Short descriptive text snippets:
● ● ● ●

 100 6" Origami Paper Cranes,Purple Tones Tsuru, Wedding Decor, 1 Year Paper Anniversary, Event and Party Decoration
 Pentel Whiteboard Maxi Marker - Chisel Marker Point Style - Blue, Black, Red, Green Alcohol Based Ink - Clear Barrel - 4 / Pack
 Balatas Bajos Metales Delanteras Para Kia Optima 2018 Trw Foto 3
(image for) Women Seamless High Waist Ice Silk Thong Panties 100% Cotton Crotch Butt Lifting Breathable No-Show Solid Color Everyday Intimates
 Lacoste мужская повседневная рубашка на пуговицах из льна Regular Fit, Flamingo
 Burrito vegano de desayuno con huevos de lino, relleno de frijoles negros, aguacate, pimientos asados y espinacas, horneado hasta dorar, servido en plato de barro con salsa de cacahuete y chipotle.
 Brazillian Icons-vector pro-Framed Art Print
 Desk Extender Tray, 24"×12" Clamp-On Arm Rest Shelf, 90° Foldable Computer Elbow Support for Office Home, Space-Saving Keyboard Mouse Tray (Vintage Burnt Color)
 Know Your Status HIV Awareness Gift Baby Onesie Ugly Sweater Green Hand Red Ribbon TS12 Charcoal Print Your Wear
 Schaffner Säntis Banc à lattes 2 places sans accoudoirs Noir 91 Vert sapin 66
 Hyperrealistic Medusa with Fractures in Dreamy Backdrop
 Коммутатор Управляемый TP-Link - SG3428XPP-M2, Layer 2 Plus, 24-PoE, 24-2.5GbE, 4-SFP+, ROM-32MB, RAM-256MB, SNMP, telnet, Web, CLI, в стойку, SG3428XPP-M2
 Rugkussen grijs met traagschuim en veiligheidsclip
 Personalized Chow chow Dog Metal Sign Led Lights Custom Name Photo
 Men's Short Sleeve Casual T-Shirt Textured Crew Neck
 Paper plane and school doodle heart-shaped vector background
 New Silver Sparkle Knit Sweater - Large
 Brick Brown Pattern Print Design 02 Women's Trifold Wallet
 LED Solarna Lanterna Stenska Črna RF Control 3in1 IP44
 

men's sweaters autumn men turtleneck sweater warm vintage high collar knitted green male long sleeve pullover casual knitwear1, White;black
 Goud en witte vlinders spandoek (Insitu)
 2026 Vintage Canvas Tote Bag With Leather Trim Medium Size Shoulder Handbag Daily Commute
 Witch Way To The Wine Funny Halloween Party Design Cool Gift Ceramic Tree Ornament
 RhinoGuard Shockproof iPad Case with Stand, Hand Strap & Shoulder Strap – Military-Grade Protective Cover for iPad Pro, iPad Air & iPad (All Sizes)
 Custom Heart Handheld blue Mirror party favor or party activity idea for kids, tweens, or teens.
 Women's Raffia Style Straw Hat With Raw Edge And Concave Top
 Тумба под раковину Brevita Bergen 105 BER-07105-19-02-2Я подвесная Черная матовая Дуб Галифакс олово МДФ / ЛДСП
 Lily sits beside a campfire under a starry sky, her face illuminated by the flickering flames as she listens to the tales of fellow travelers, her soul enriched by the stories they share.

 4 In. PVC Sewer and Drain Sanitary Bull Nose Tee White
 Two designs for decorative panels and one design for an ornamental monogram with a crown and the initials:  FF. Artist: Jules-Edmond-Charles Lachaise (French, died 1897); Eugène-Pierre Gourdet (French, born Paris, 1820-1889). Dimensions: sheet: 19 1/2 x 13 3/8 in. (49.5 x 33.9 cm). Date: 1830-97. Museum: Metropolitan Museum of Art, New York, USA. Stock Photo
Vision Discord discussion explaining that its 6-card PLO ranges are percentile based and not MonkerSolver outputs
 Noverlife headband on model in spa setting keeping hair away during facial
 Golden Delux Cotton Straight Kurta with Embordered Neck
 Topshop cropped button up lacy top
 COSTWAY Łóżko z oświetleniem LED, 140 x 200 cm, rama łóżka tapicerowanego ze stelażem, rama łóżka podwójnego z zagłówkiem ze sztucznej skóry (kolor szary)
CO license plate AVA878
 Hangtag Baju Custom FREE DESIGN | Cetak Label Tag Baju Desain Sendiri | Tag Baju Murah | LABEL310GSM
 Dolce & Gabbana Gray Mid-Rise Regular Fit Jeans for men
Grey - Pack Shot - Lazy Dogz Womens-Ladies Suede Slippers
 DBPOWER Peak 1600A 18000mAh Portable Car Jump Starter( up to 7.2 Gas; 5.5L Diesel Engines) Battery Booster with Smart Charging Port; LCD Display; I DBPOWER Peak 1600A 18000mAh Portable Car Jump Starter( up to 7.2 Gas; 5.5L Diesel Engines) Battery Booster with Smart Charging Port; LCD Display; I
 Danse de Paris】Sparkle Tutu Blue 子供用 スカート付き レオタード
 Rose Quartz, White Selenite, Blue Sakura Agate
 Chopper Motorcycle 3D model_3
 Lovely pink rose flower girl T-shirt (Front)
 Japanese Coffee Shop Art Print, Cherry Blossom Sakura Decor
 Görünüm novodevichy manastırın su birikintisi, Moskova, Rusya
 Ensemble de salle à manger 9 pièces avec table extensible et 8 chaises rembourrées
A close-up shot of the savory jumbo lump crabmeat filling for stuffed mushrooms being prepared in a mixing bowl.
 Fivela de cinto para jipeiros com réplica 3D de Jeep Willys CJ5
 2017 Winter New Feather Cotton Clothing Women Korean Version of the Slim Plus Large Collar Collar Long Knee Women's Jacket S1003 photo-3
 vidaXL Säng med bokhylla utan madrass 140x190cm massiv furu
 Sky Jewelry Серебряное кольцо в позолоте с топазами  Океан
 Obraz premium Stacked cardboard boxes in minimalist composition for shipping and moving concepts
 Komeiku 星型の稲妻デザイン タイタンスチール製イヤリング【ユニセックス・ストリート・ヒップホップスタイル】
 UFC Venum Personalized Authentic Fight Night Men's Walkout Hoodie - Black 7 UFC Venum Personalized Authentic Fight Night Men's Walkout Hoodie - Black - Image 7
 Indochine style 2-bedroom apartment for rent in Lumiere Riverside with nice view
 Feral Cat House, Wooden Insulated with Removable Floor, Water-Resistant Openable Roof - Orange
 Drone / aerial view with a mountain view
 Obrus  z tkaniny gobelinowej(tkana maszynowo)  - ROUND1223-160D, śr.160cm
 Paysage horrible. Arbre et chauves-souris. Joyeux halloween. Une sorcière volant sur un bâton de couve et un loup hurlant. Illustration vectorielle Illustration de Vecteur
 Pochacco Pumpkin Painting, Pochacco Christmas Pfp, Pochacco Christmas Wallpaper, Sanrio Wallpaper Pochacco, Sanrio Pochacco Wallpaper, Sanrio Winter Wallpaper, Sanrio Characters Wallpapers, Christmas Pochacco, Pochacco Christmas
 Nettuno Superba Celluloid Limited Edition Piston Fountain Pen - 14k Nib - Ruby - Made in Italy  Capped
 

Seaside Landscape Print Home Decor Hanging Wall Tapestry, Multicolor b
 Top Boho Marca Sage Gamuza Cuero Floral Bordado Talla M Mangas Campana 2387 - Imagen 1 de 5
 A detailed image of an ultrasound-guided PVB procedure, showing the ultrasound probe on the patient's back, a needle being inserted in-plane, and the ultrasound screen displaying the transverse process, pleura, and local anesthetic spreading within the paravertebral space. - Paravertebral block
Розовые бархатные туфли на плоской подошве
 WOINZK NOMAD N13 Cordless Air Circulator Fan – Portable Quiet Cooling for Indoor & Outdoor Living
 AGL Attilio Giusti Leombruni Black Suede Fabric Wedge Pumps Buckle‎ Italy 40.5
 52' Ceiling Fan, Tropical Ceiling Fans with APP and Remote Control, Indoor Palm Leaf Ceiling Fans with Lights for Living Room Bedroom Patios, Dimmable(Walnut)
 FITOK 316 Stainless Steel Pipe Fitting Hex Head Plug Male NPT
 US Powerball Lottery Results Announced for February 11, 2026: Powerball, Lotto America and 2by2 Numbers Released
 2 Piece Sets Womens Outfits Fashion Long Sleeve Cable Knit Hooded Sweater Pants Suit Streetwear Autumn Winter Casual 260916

● ● ● ●

** What needs to be done **
The result should be every line that contains "Plus", copied from the entries.

** Result of the task **
 Коммутатор Управляемый TP-Link - SG3428XPP-M2, Layer 2 Plus, 24-PoE, 24-2.5GbE, 4-SFP+, ROM-32MB, RAM-256MB, SNMP, telnet, Web, CLI, в стойку, SG3428XPP-M2
 2017 Winter New Feather Cotton Clothing Women Korean Version of the Slim Plus Large Collar Collar Long Knee Women's Jacket S1003 photo-3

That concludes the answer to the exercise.